More than 120 people attended the Village Board meeting, many spilling out into the hallway, to let Mayor Tim Baldermann and board trustees know that they were not happy about the $55 million plant the village has planned to build a quarter of a mile west of the subdivision, north of Delaney Road.

The village approved another measure connected with the proposal Monday night – an $11,766 contract for soil testing on the 80-acre site as part of the village’s process of due diligence before finalizing the purchase of the property by the end of March.

Baldermann told attendees that the Village Board was looking at two alternate sites for the plant and would meet with residents March 5 at the village hall, whether it decides to forego the Delaney Road site. This would follow a March 1 meeting with engineering firm Strand Associates Inc. to ascertain whether the other sites are viable for building the plant.

If the firm determines that the Delaney Road site is the only feasible option for the village, residents would have the opportunity March 5 to “ask all of your questions, voice all of your concerns … before we move forward with the purchase of the property,” Baldermann said.

Nine residents spoke during the public comments portion of the meeting. They outlined several concerns, including fear of depreciating values of their homes, decreased quality of life and possible health hazards emanating from airborne pollution and possible spills from the plant.

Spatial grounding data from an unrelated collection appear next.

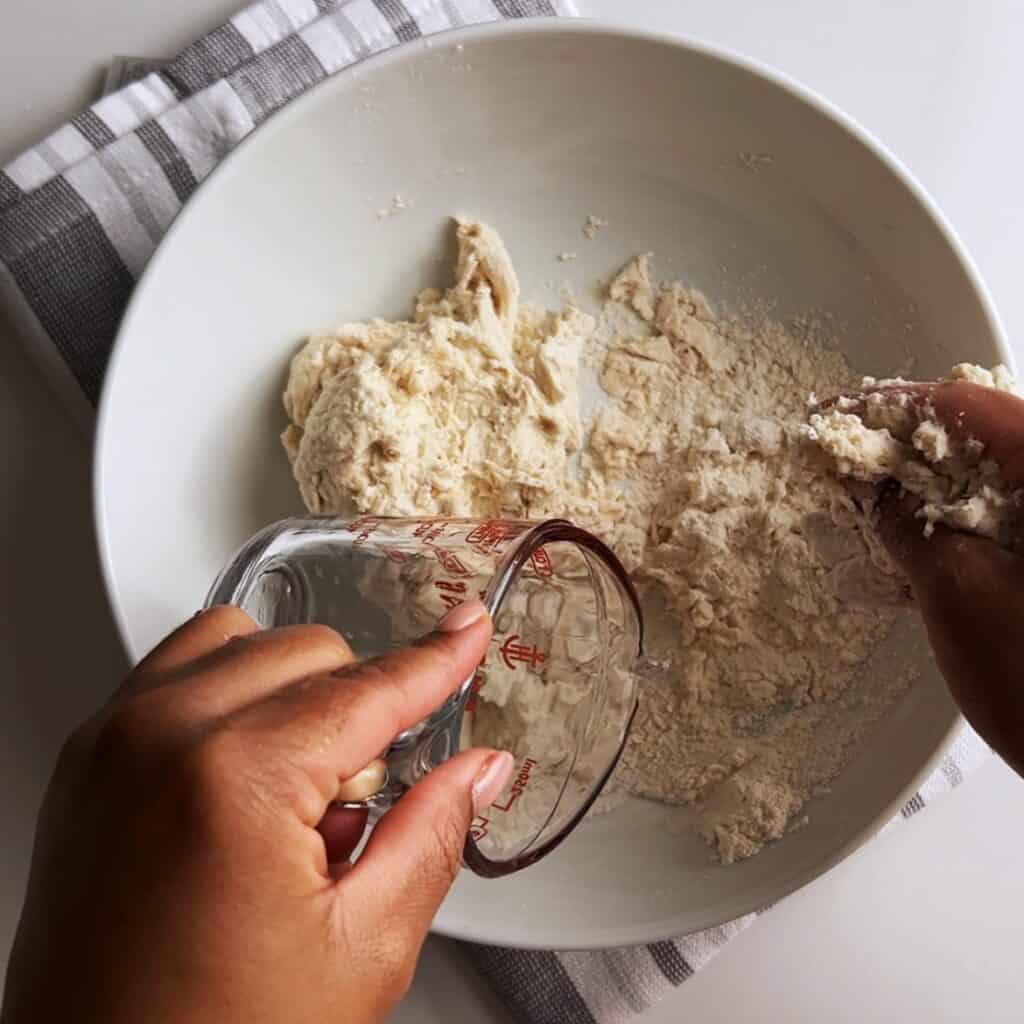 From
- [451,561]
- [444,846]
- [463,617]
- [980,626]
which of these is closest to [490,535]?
[451,561]

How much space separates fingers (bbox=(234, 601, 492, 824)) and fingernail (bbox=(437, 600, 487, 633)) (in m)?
0.03

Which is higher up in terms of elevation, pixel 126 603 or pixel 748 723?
pixel 126 603

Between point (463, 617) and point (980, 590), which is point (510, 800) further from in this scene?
point (980, 590)

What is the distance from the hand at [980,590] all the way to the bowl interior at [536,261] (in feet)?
0.96

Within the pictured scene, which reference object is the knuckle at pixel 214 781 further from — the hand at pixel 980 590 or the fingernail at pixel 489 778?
the hand at pixel 980 590

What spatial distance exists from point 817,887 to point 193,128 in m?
1.11

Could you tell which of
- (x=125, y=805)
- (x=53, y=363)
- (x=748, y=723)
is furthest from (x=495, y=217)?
(x=125, y=805)

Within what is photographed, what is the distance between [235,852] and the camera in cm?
55

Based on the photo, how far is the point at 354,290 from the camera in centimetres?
113

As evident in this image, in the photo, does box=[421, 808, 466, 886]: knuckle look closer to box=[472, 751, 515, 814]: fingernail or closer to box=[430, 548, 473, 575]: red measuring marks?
box=[472, 751, 515, 814]: fingernail

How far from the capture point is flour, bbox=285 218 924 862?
1027 millimetres

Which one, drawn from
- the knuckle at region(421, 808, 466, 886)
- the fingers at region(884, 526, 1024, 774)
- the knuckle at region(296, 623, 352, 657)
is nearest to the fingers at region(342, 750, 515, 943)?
the knuckle at region(421, 808, 466, 886)

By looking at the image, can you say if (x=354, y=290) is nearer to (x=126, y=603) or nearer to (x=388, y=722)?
(x=126, y=603)

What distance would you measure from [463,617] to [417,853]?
0.15 metres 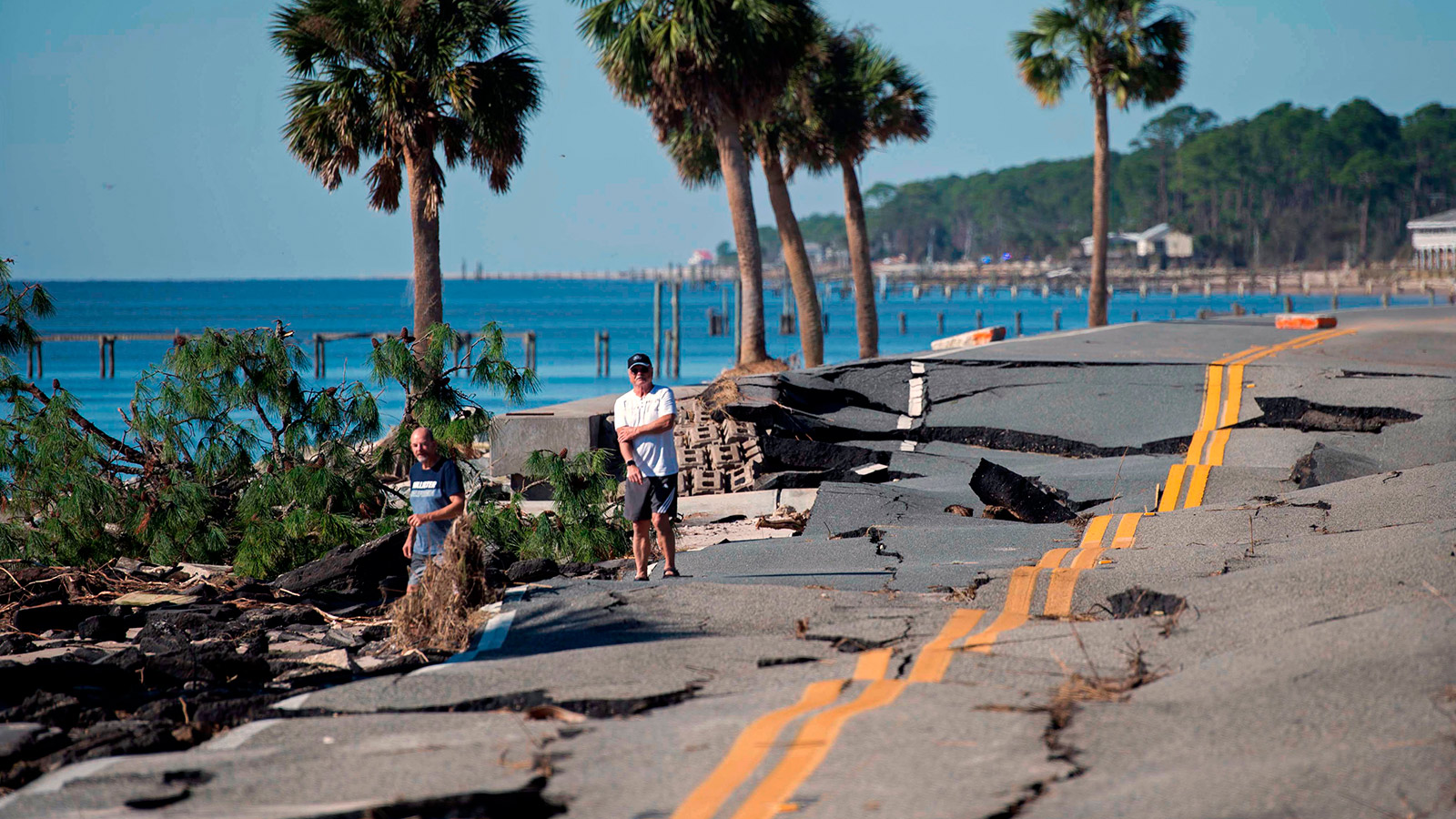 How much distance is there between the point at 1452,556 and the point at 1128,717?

“We’re here to put a face on the community,” said Rick Shafer, a Royal Meadows resident of 22 years. “It affects who we are as people, as residents of New Lenox.”

He added, “I believe a plant this size, in this location, it’s gonna be harmful to us.”

Larry DeSando read from a study of a plant in Greece that outlined airborne pollutants that might affect the health of people living within a third of a mile from a sewage treatment plant.

Trustee David Smith, in response, said the conditions of a plant in Greece at the end of a financial crisis in the country would not be comparable to what the village would plan to build.

Joe Winslow, a Royal Meadows resident for 19 years, told the board that “it is unfathomable to think that a governing body, such as yours, would consent to build a raw sewage treatment plant anywhere close to residential homes.”

Winslow also questioned the need for a treatment plant that would be able to handle waste for a population of about 55,000 people – with New Lenox’s current population at 27,000 – saying that “you have more time than you think to effectively coordinate a plan to locate a better and safer location.”

L.T. Lee, who lives in an unincorporated portion of Delaney Road near the proposed site, told the board, “Your decision will have repercussions you don’t understand.”

Dennis McLaughlin said his home – also on unincorporated land – would be closest to the plant. In his estimation, he said, it would be about 559 feet away.

“I’m a father,” he said. “Any of you as a father or mother here, there is no way you want your kids playing in your yard, sleeping in their beds 559 feet from a colossal, 35-plus-acre sewer treatment plant.”

Maureen Pinta of Royal Meadows said, “We are citizens and deserve to have a voice too.”

Baldermann, in a separate interview after the meeting, said that the board was taken by surprise by the residents’ reaction to the plant, since the village was placing the plant farther from residents than the existing treatment plants it will replace.

He added that several factors would determine if the other sites the village is looking at may be good alternates. These include not only the cost of purchasing, building and pumping to the plant, with all the infrastructure required, at those sites, but also whether the Environmental Protection Agency would approve those sites.

A substantial increase in cost would mean that the village would have to raise water and sewer rates even higher to cover the extra cost, he said.

“There has to be a balance [when weighing concerns],” Baldermann said.

As for concerns raised by some residents that the village would look to profit off the larger plant by allowing other communities to use it, Baldermann was adamant that the proposed plant is only for the use of the village.